Dans les derniers jours du mois d’août (mois nommé par les Romains d’après le règne de l’empereur Auguste), les êtres humains ont déclaré qu’un nouveau cycle commençait, celui qui les rappelle au boulot. Ils l’ont nommé «la rentrée». Mais avec la flexibilité du temps de travail et les choix de plusieurs, les vacances se prennent à d’autres moments de l’année alors, pour eux, la rentrée n’existe pas vraiment.

S’il y a une rentrée à la fin de l’été c’est surtout celle des enfants et des jeunes ainsi que celle de leurs parents qui s’y conforment dans leur propre vie. La rentrée scolaire domine toutes les autres. Mais dans cette catégorie, une rentrée détonne parmi les autres. Je dirais même qu’elle est plus une entrée qu’une rentrée. Car, certains enfants ne retournent pas à l’école mais y entrent. Et on ne peut qu’avoir une pensée attendrissante pour ces petits qui vivent leur première rupture et le commencement d’une autre vie.

Ils seront en contact avec d’autres influences que celle, familière, de leurs parents. Ils apprendront que les mots ont des lettres et que par elles, ils peuvent survivre aux mortels que nous sommes et déjouer le temps. Par les mots écrits, ils apprendront que c’est grâce à eux que les hommes ont inventé les mots «rentrée scolaire», une rentrée qu’ils connaîtront l’année qui suit leur entrée.
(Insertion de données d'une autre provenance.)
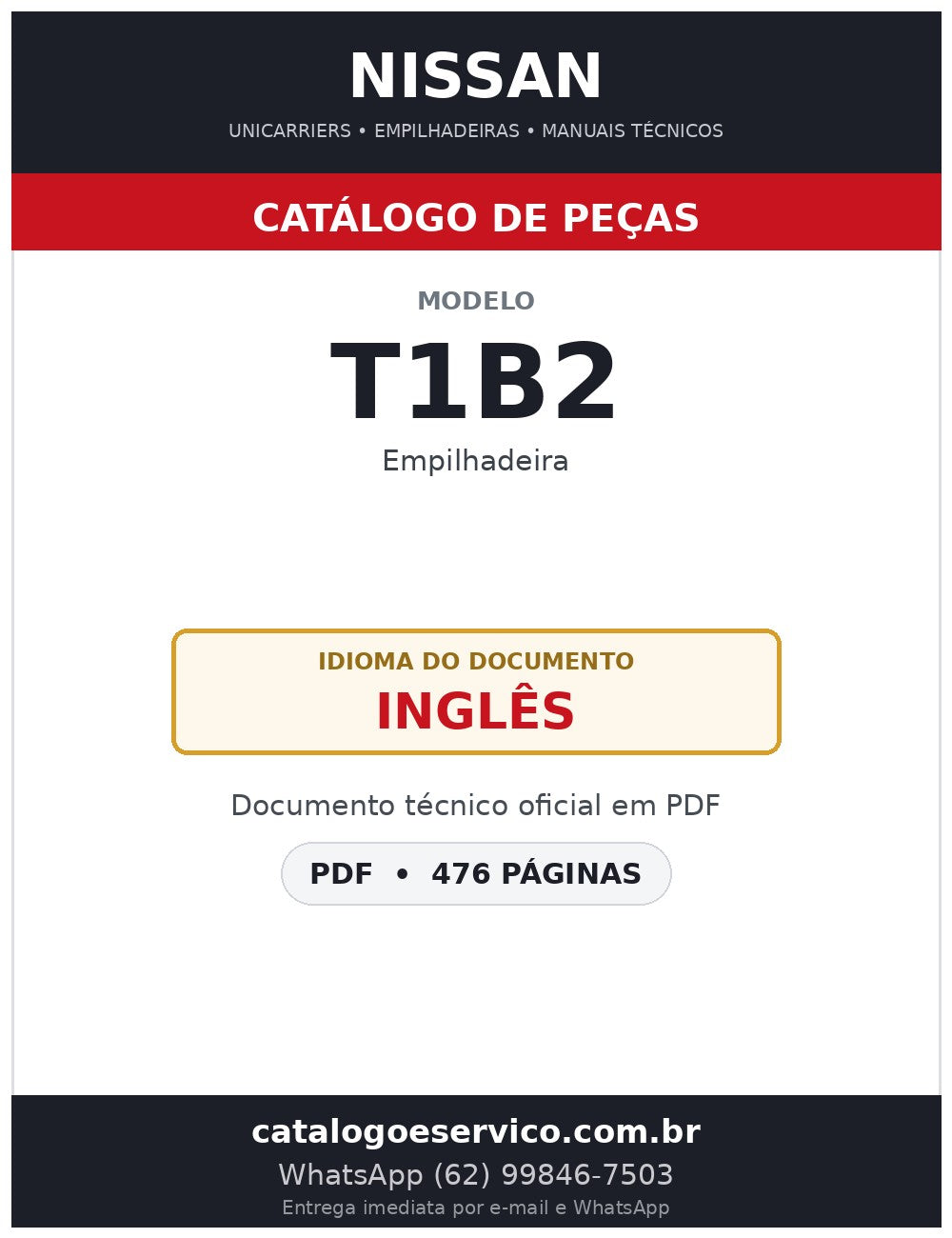 T1B2 - Catálogo de Peças Nissan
Et il y a les autres, les plus vieux parmi les jeunes. Surtout ceux dont la rentrée implique des choix de vie et des interrogations sur l’avenir. Il est fort à parier qu’ils regretteront quelque peu ces rentrées du temps de l’insouciance, de l’innocence et de la légèreté, ce temps hors du temps réel. Mais un temps  qu’ils peuvent retrouver dans le monde de la fiction et de la poésie, celui qu’ils ont pu connaître au fil du temps de toutes les rentrées passées.